Cassiopeia is a "W"- shaped
constellation almost directly overhead and slightly north in December
soon after sunset. Cassiopeia is an interesting constellation for
several reasons.
1. It's Circumpolar:
It's one of a few constellations that never rise and never set.
They just (appear to) go in circles around the North Star -- every
day a circle, and every year a much slower circle. At 6AM tomorrow
it will be low in the sky to the north, and 6 months from now in the
evening, it will be about the same place.
If
you lived at the North Pole, all the stars you could see would be
circumpolar. But they'd only be half the stars in the sky, because
the other half -- which you would never see -- would be circumpolar
for those penguins looking up from the South Pole.
2. It's always opposite the Big
Dipper,
with the North Star about midway between them. So, if you look north
from Cassiopeia, and keep going north and lower in the sky, you'll
find the Big Dipper low in the north. 3 months ago and 3 months from
now, they were opposite each other east to west.

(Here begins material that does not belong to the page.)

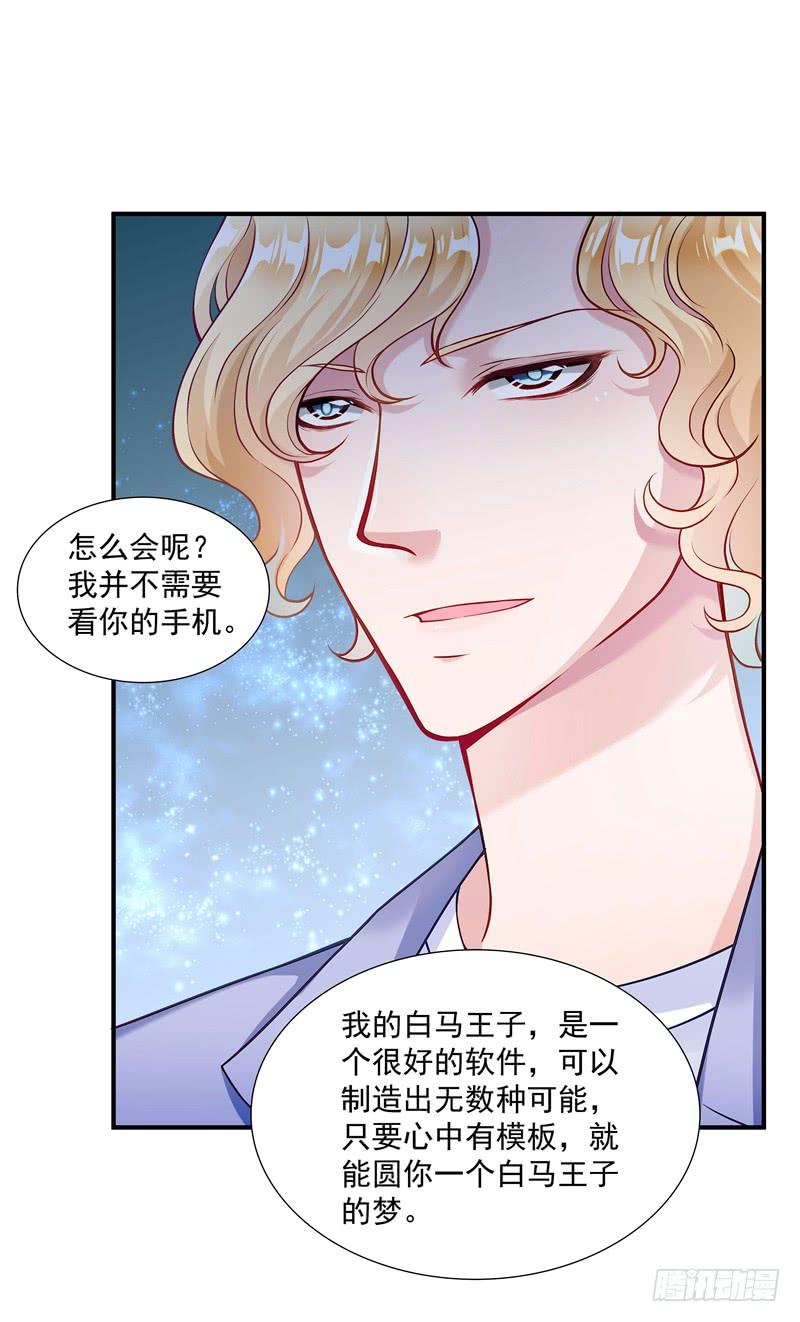 系统的惩罚-第39话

3. The band of the Milky Way
goes through it.
We're in the Milky Way galaxy, which is shaped like a disk. When we
see it as a fuzzy band of many, many stars, we're looking along the
plane of the disk, so we see what looks like a band of stars. When
we look anywhere except along this plane we just see a few stars that
are close, and that's what the rest of the sky (outside the band) looks like.